What is Hadoop?
You ever wondered how the Google does theirs queries into their massive data or Facebook quickly fetches your feed from a massive amount of data.
Why the big data is important?
Because in the next few months or years mostly you (techi folks) will be having conversation mostly about big data. Today data is growing rapidly. 90% of the worldwide data has been generated from just last 2 years. Most of these data are coming from smartphones, social networks like facebook, twitter etc.
First we talk about the management of tons of tons of data called big data.

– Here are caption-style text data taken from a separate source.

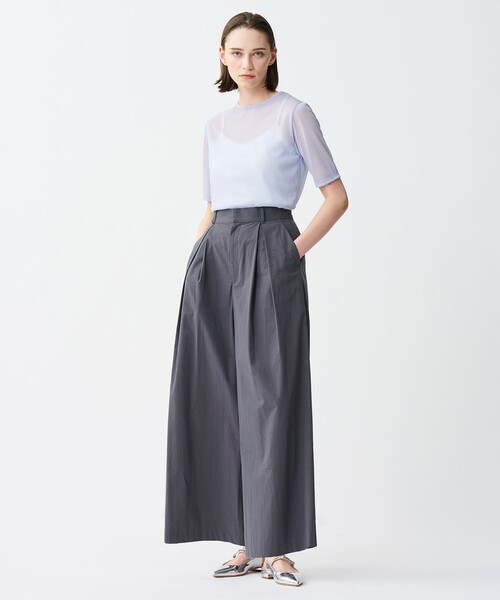 uncrave(アンクレイヴ)の「トリコットシフォン ハーフスリーブカットソー(Tシャツ/カットソー・レディース・ダークブラウン系/スカイブルー系/ホワイト系/ブラック系・1/2)」の5枚目の写真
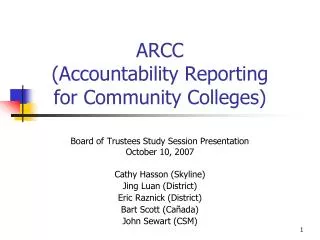 ARCC (Accountability Reporting for Community Colleges)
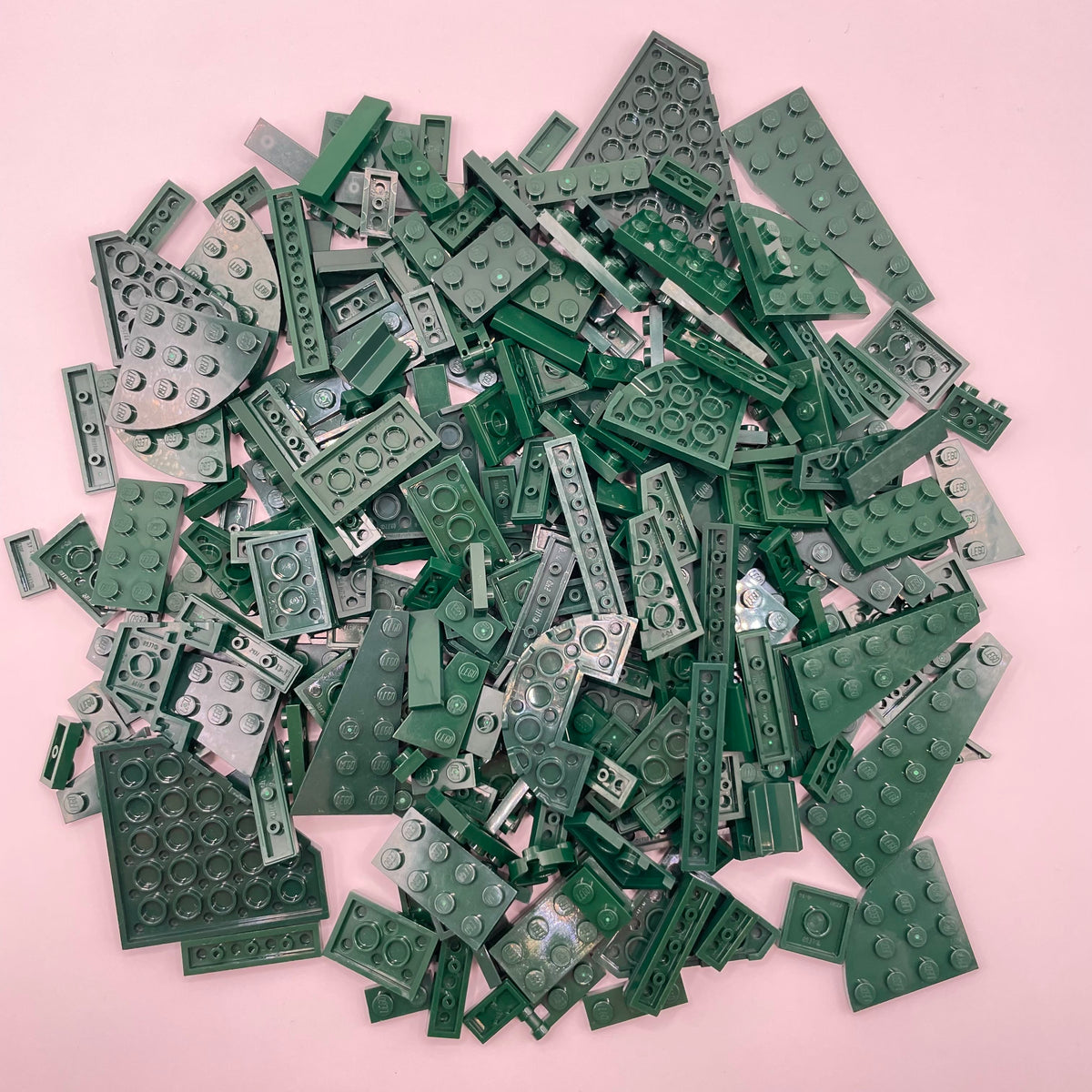 LEGO Dark Green, Plates and Tiles, Approx. 160g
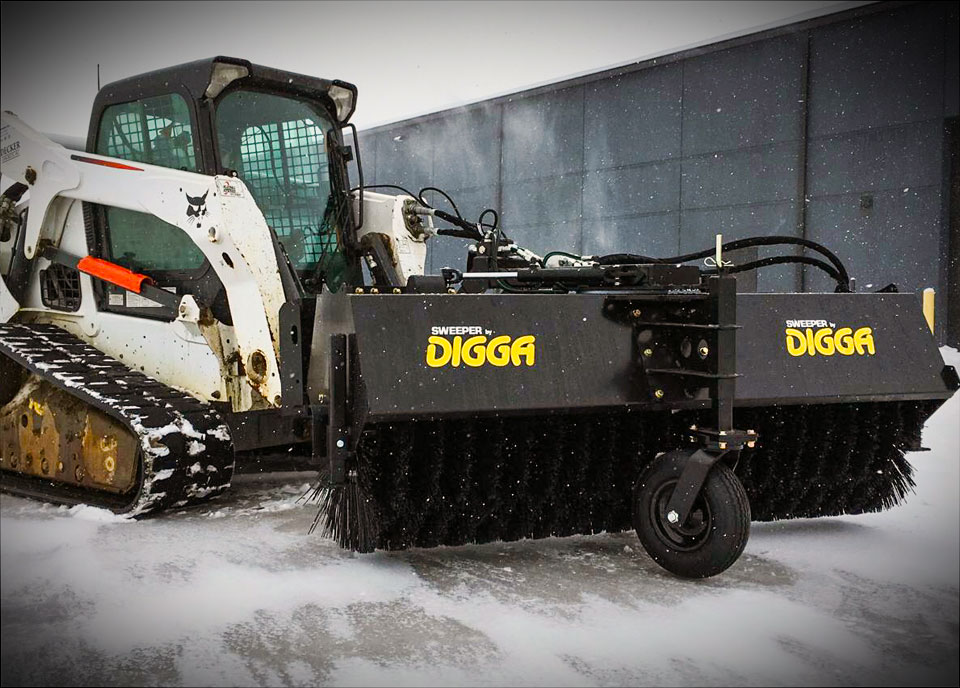 Digga Skid Steer Angle Broom Attachment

In this article we will talk about
- Big Data
- Map Reduce
- Hadoop Ecosystem
How hadoop is invented?
In the early 2000s companies like Google were running into the wild vast quantity of data, simply too large enough to pump through the single database bottleneck and process the data.
To address this issue, Google developers started to invent the algorithm that allowed to divide the large calculations into the smaller chunks and map them to the single computers to parrallely process the inputs and result into the single data result. They called this the MapReduce. Google has their own implementation of MapReduce.
They published the MapReduce and GFS papers in 2004. Basic on this document Hadoop is implemented and licensed under Apache. In another words Hadoop is the open source implementation of MapReduce algorithm. Apache Hadoop is a simple, powerful, efficient, scalable and shared batch processing platform. In simple terms Hadoop allows you to run the database processing in parallel in hundreds of computer nodes to generate the single outcome.
And this didn't stopped here. In 2005 Google further developed the language query called Sawzall. After three years in 2008 Pig & Hive as implemented to support batch queries in Hadoop environment.
In 2006 Google published the BigTable paper, on the basis of which HBase was launched. HBase provides the ability to store data in massive tables (billions of rows/ millions of columns) for fast random access. HBase allows to store and retrieve data using key/value pairs in real time in Hadoop ecosystem.
Last year in 2012 Google released papers for their Spanner system. With spanner online queries likes joins and transactions are supported on bigdata infrastructure.
Hope this pattern will be followed and Great Apache contributors will come with the solution and will write the implementation of Spanner to support complex real time queries and transaction in Hadoop ecosystem.